On the other hand, there's also been enough crazy for five posts so far, and we're only up to the 18th century.
So last week, we learned how godless Enlightenment humanism led to the madness of the French Revolution. This week, we'll see how England and America managed to avoid anarchy. Do you suppose that being Bible-believing Christians had something to do with it?
With well-crafted narrative tension, we are first told how dangerously close England came to suffering the fate of France. What's worse, this decadence was not due to Romish meddling, but to the English people's own turning away from the Bible!
By the turn of the 18th century the English people had more freedom than they had known at any time before in their history but they had left the teachings of the Bible and had become slaves to their own passions. Gambling was the favorite indoor sport, while gin and beer were the favorite drinks (p. 330).
Needless to say, moral depravity is the only possible reason for all that gin and beer; any other explanations, such as rapid urbanization, social upheaval, the huge profits to be made by distilleries, or widespread poverty are just making excuses for morally-weak poor people who turned away from God. And you know what happens to debauched people who drink? They read humanistic philosophers, of course!
As England’s morals continued to slip, she became susceptible to the ideas of the Enlightenment. The late 17th and early 18th centuries in England were known as the Age of Reason because several English philosophers and writers adopted forms of rationalism, deism, and other humanistic philosophies. One of the most influential philosophers of this age wasJohn Locke(1632-1704). Although Locke claimed to be a Christian and promoted Christian morals, he often supplanted the authority of the Bible with humanistic rationalism and empiricism, the belief that experience is the only source of knowledge. Locke wrote: "The last resort a man has recourse to in the conduct of himself is his understanding" This declaration leaves out the supreme authority of the Word of God, which truly has the last word on how we should conduct our lives.
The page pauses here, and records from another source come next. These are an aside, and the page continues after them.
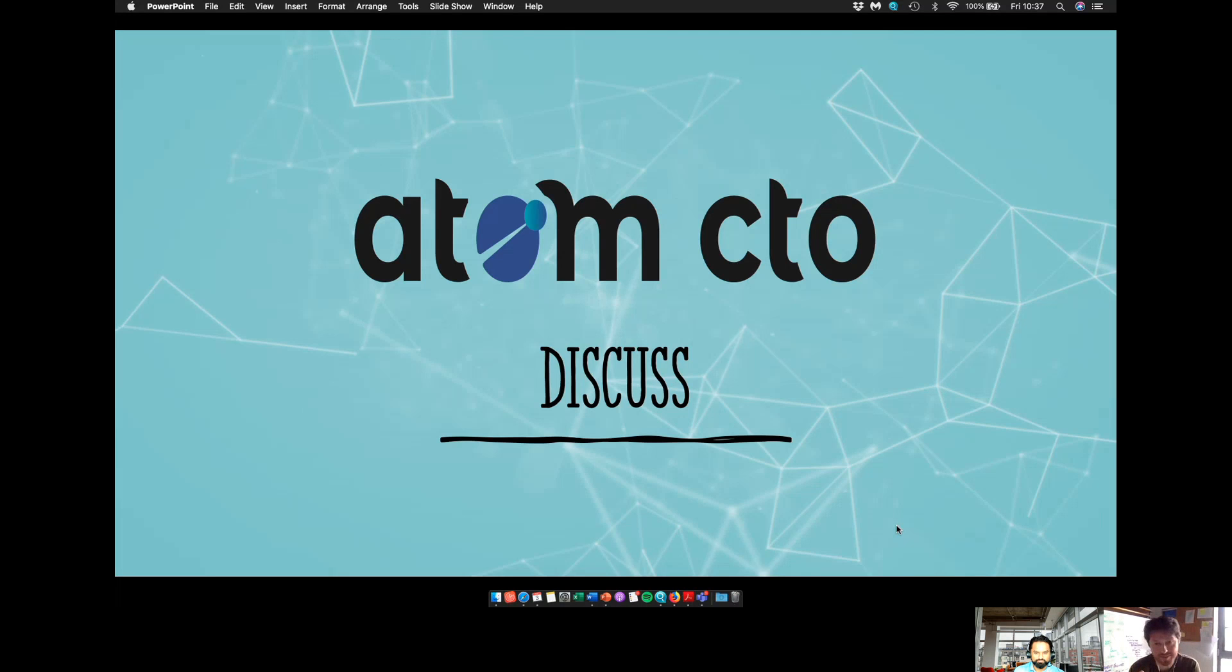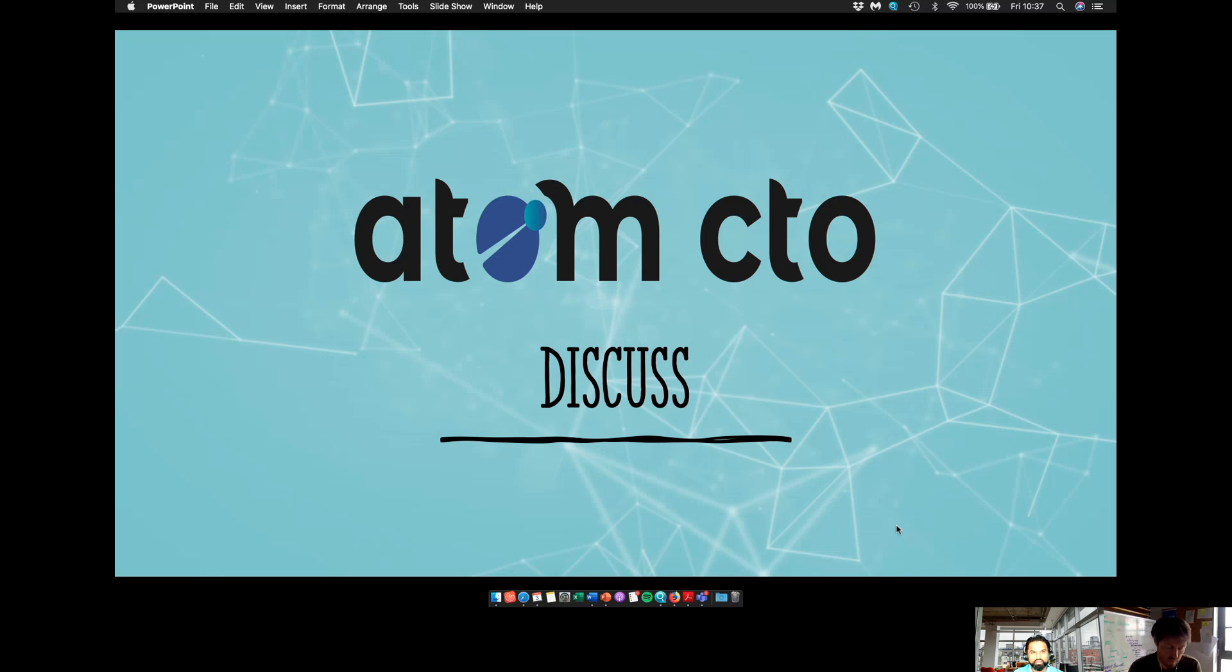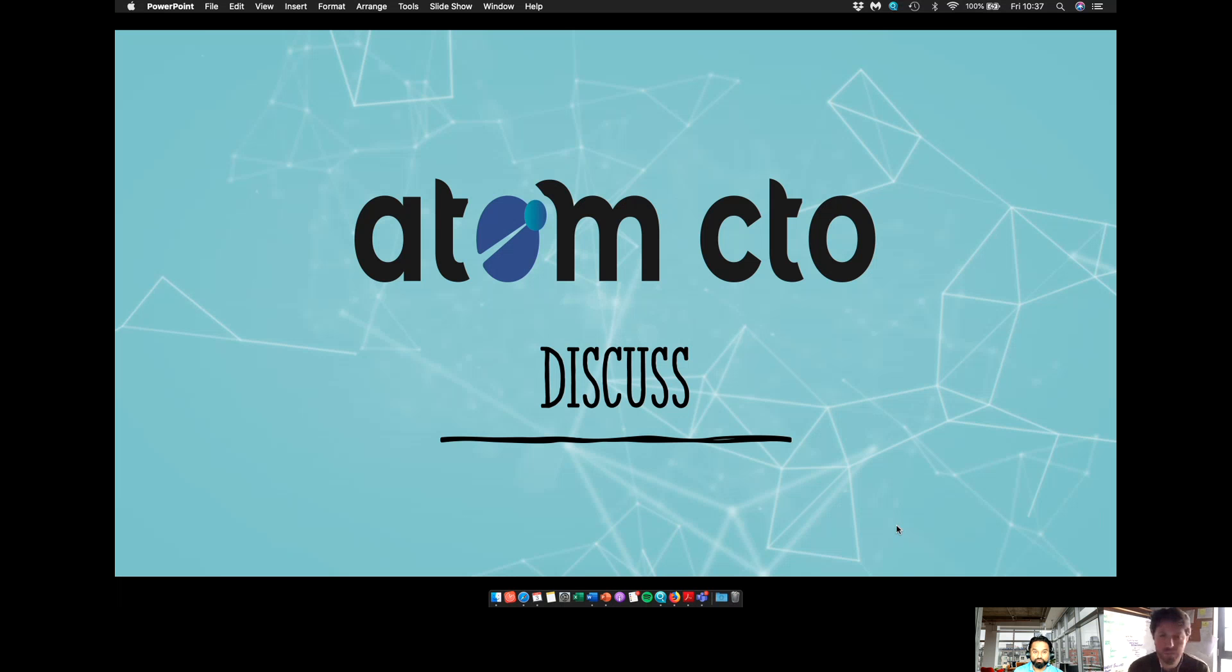When did Adam CTO get started? If you look at what we do, we've been doing it since 2010. Myself and Sam, who essentially co-founded this business, we worked together in Norway.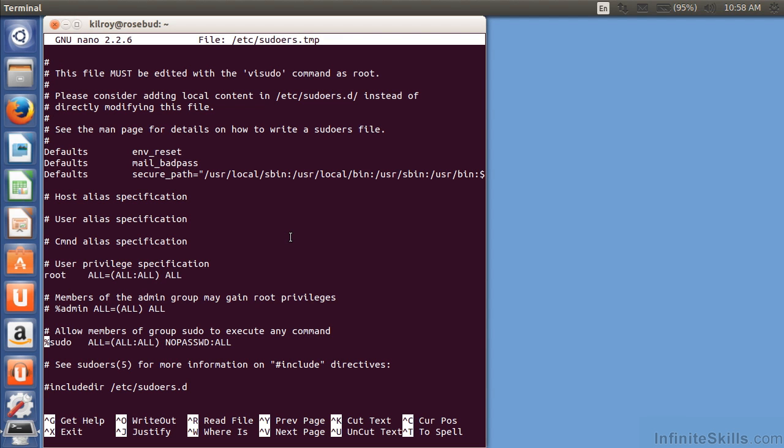Normally, and by default, sudo would actually prompt you for your password, not the root password. It's going to prompt you for your password. That just makes sure that you are really the correct user trying to gain a privilege escalation and execute something as root. This is the default file other than I made the sudoers change here. And again, I added the no password in.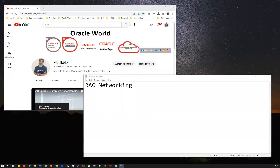Hello everyone, good morning and good evening, welcome to my channel, this is Malikajan here. Today I'm going to quickly talk about the networking inside Oracle Real Application Cluster (RAC). This is going to be one of the challenging topics for many DBAs who often get confused with the different networks involved in any RAC setup.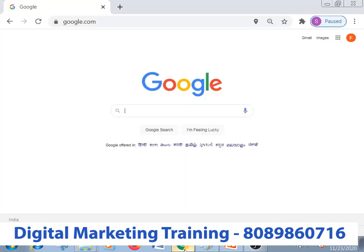Hi, this is our first video. We started a class in free art digital marketing.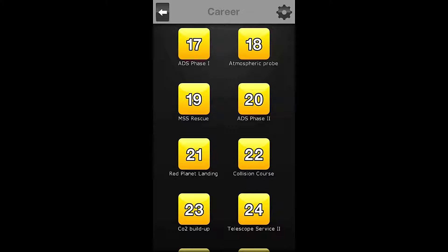Hello everybody! Welcome back to the Nocturnal Gaming Network. My name is Zira and today we are playing Space Agency, mission number 18, the Atmospheric Probe.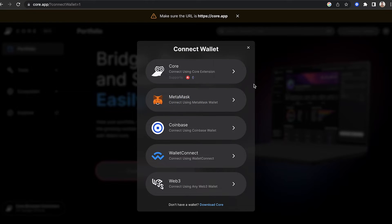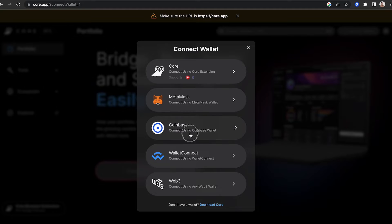This will open up a list of wallet options to connect to CoreWeb. It's recommended that you use the Core extension with CoreWeb, as there are unique features that are only available when you're doing that. However, for this example, we're going to connect Coinbase to CoreWeb, so I'll select that option.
So, remember what we said about this book being mostly factual? This paragraph is a lovely example -- it's not exactly lying about Locke, and yet it unmistakably paints him as a dangerous bad guy, and as usual, his ideological impurity even negates his own "claim" to faith. Once again, World History seriously sins by omission: This is its sole mention of Locke, so a homeschooled child might live unpolluted by any sense that Locke influenced America's Founders.* Still, at least he's mentioned -- Thomas Hobbes is nowhere to be found. But let's learn more about those awful English humanists!
Another philosopher of the Age of Reason wasDavid Hume(1711-1776). Hume promoted the philosophy of skepticism -- the idea that to know truth is impossible, and that knowledge is uncertain. Hume’s skepticism rejected Christianity’s stand on the absolute truths of the Bible, as well as anything that was supernatural (i.e. -- God, miracles, etc.).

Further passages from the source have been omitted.